Sub-Saharan Africa
Making the news: why the African Peer Review Mechanism didn’t
Why did the media ignore the African Peer Review Mechanism?
Authors:
B. Boyle
Publisher:
South African Institute of International Affairs, University of the Witwatersrand (Wits), 2008
The African Peer Review Mechanism (APRM) has not generated a national conversation in South Africa. This paper investigates the reasons for this failure of the APRM.
Among the reasons, the author argues, is the failure of the citizens to seize the opportunity as also the media’s neglect of the APRM. The peer review process was intended to involve millions of people in a frank assessment of each participating country’s achievements and failings. But in South Africa, it was crafted without significant civil society input. The media largely ignored the process.
The author points out that Public Service and Administration Minister centralised the review process in her office. It was inevitable then that the Country Self-Assessment Report (CSAR) would be overwhelmingly influenced by the government’s analysis and views.
Although APRM has the potential to become an important vehicle for broad-based policy review and development, it has not gained that status because of the government’s determination to dominate and drive the process.
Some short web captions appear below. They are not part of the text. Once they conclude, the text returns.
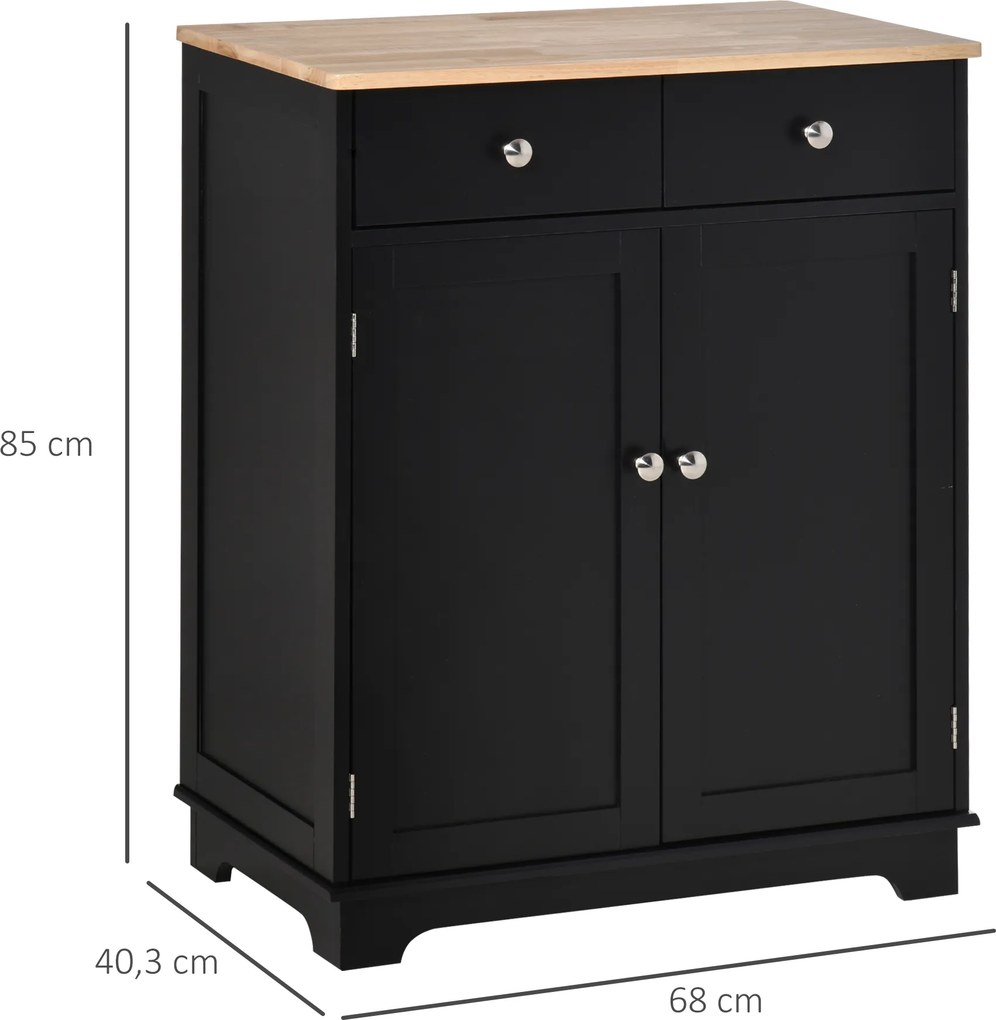Móvel de sala de estar com armários, 2 gavetas e prateleiras ajustáveis, 68 x 40,3 x 85 cm, preto e madeira natural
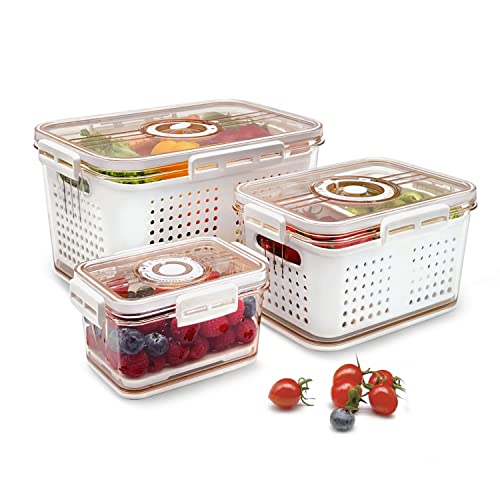 OCOSOLO Vegetable Storage Containers for Fridge Produce Saver Containers Refrigerator Organizer BinsBPAFree Plastic Produce Keepers with Lid  Colander for Fruits Salad Lettuce Berry (3 Pack)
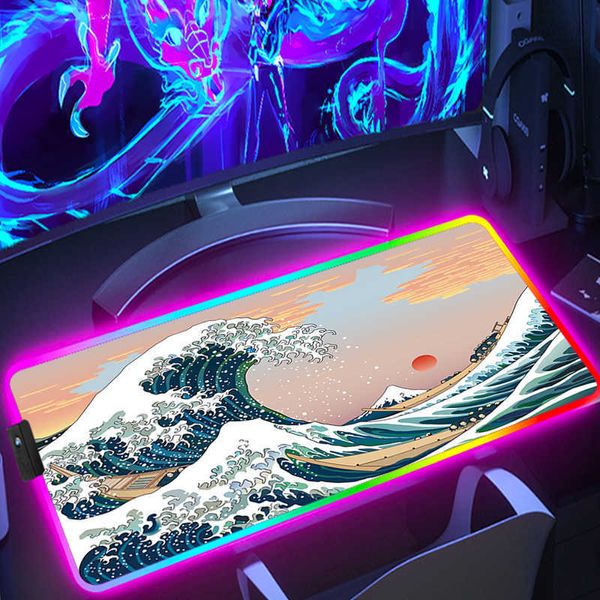 Tapis de souris Repose-poignets Japon Great Waves Pc Gamer Mousepad Rgb Mouse Pad Anime Accessoires Desk Protector Computer Mat Deskpad Tapis Clavier Table T230215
Governments are more likely to nurture a sustained interest in the process if it is more transparent and if they are less defensive. Merely denying the experience or perceptions of the public and civil society, the author concludes, will not deliver a more comfortable reality.
The author suggests that:
- The APRM Secretariat should engage the media to popularise the process since the media, rather than brochures or radio jingles, is the most effective mechanism to spread information about the review process
- The Secretariat needs to develop a more effective and, most importantly, responsive media team
- Civil society organisations and interested NGOs need to establish their independence from the government team and claim their right to speak out; and
- Civil society groups should pick causes and issues that have the potential to capture the attention of the media and make focused presentations on them.